Liputan6.com, Jakarta PT Pertamina (Persero), menargetkan memiliki rasio cadangan migas atau reserve replacement ratio (RRR) tumbuh 200 sampai 400 persen per tahun. Rasio tersebut dapat memenuhi kebutuhan energi nasional.

Ketua Tim Tata Kelola (Tranformasi) Upstream Pertamina Bambang Manumayoso, mengatakan berbagai upaya dilakukan Pertamina, tidak hanya untuk bertahan saat ini, namun juga bagaimana tetap bisa tumbuh ke depannya. Hal ini dilakukan karena Pertamina merupakan kepanjangan tangan pemerintah yang harus mengamankan energi nasional.
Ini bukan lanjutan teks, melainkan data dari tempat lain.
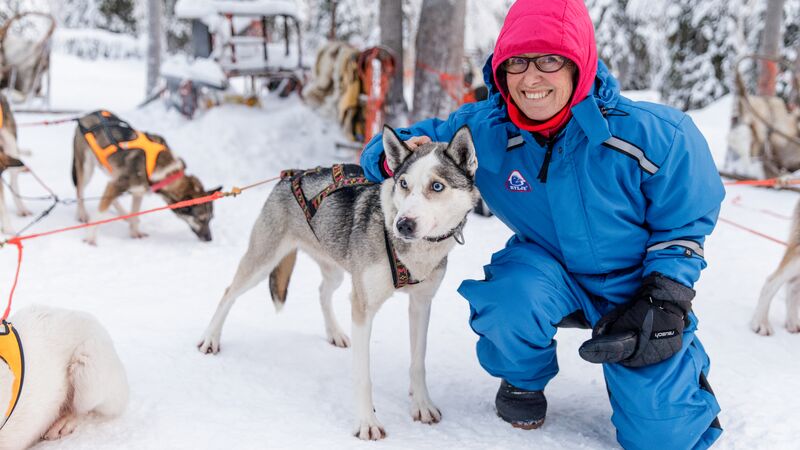 Woman traveller croucing next to a husky dog in the snow in Finland.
“Pertamina yang menurut undang-undang, satu-satunya yang harus menjaga ketahanan energi nasional, baik migas maupun geothermal,” kata Bambang dalam keterangan tertulis di Jakarta, Kamis (18/8/2016).

Menurut Bambang, upaya yang dilakukan Pertamina saat ini adalah menahan penurunan produksi dengan menggunakan teknologi tepat guna. Selain itu, Pertamina juga harus terus melakukan eksplorasi untuk menggantikan maupun menambah cadangan yang sudah diproduksikan.

"Strategi hulu Pertamina yaitu bagaimana caranya produksi dan reserve replacement ratio (RRR) migas harus bisa naik, sehingga reserves yang sudah diproduksikan dapat digantikan dengan reserves baru yang lebih tinggi,” tutur Bambang.

Pertamina memproyeksikan pertumbuhan produksi migas 8 persen per tahun sepanjang 2015 sampai 2030. Pada periode 2010 sampai 2015, produksi migas perseroan rata-rata tumbuh 6 persen per tahun dengan cadangan migas rata-rata meningkat 4,4 persen per tahun.

Bambang melanjutkan, kata kunci lain untuk bertahan terhadap dampak penurunan harga minyak adalah pada biaya produksi per barel. Jika pada Agustus 2014, harga minyak masih sekitar US$ 70 per barel, pada Februari 2016 harga anjlok hingga mencapai US$ 26 sampai US$ 27 per barel.

"Pertamina memiliki tantangan besar. Namun dengan berbagai upaya yang dilakukan Pertamina tetap bisa survive, meski keuntungan yang diperoleh juga menurun," kata dia.

Untuk itu, lanjut Bambang, yang dilakukan Pertamina adalah mengubah paradigma lama yang cenderung Production at any Cost menjadi Creating More Values (Production dan Value of Investment) dari semua asetnya.

Pertamina terus melakukan proses perluasan terhadap semua asetnya, dengan menggunakan clustering asset dan portofolio sehingga tampak aset mana yang dapat memberikan dampak nilai terbesar hingga terendah. Dari gradasi tersebut masing-masing aset akan dievaluasi berbagai upaya yang dapat dilakukan untuk dapat memberikan nilai positif bagi perusahaan.

Saat ini, paradigma bisnis model upstream baru Pertamina terus digencarkan. Secara operasional seperti, peningkatan kinerja baik dari sisi volume maupun value, optimasi investasi (Capex), melakukan aksi nyata untuk pertumbuhan (terutama Business Portfolio), implementasi Operasional Excellent pada setiap proyek-proyek berdampak besar bagi Pertamina, pembenahan berkelanjutan untuk proses bisnis dan pengembangan SDM.

Efisiensi dan rasionalisasi program juga terus dilakukan, dengan menurunkan biaya per barel. Jika dulu beberapa aset dengan operating cost di atas US$ 30 per barel, sekarang bisa ditekan di bawah US$ 20 per barel.

“Rata-rata sudah turun semua. Dari segitu banyak bisa kami turunkan. Jadi biaya-biaya operasional dikurangi,” tutupnya.